An illumination optical system that illuminates a light modulation element that modulates light from a light source with the light,
A splitting unit that splits a light beam from the light source into a plurality of light beams in order along the optical path from the light source side, and a condenser lens system,
The condensing lens system includes a first lens group having a function of condensing the light beam divided by the dividing unit in order along the optical path from the light source side and having a positive refractive index, and a positive refractive index. A second lens group having
The first lens group is composed of a single lens,
The second lens group is composed of one positive lens and one negative lens in order along the optical path from the light source side,
In the second lens group, the focal length of the entire condenser lens system is Fall, the focal length of the first lens group is f1, the Abbe number of the first lens group is ν1, and the second lens group The focal length of the positive lens is f2p, the focal length of the positive lens of the second lens group is ν2p, the focal length of the negative lens of the second lens group is f2n, and the focal length of the positive lens of the second lens group is If the distance is ν2n, in addition to the above action,

It has the effect of correcting chromatic aberration that satisfies
An illumination optical system characterized by that. The illumination optical system according to claim 1, wherein the following conditional expression is satisfied.

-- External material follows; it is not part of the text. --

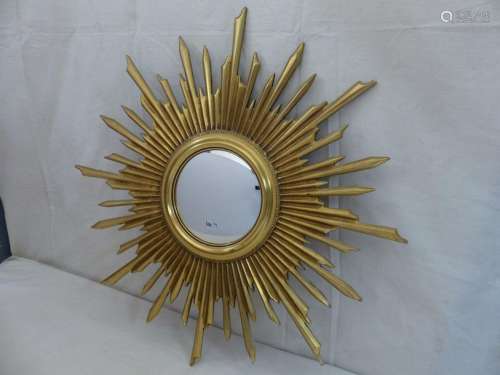 A golden wooden sun mirror.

The illumination optical system according to claim 1, wherein the following conditional expression is satisfied, where f2 is a combined focal length of the second lens group.
4. The illumination optical system according to claim 1, wherein the following conditional expression is satisfied, where D <b> 12 is an interval between the first lens group and the second lens group. 5.
The following conditional expressions are satisfied, where the Abbe number of the glass material of the first lens group is ν1p and the Abbe number of the glass material of the positive lens of the second lens group is ν2p. 4. The illumination optical system according to claim 1.
60 <ν1p <70
50 <ν2p <70 The following conditional expression is satisfied, where an Abbe number of a glass material constituting the positive lens of the second lens group is ν2p and an Abbe number of a material constituting the negative lens is ν2n. The illumination optical system according to any one of 1 to 5.
20 ≦ ν2p−ν2n ≦ 40   The illumination optical system according to any one of claims 1 to 6, wherein the positive lens and the negative lens of the second lens group are a cemented lens. The space S on the optical axis between the negative lens side surface of the positive lens and the positive lens side surface of the second lens group in the second lens group satisfies the following conditional expression. The illumination optical system according to any one of claims.
0.00147 <S / Fall <0.147 A polarization conversion element that is disposed between the light source and the condenser lens system and aligns the polarization direction of the light from the light source;
A bending mirror that bends light from the polarization conversion element and guides it to the condenser lens system;
The illumination optical system according to claim 1, further comprising:   A projection display device comprising the illumination optical system according to any one of claims 1 to 9.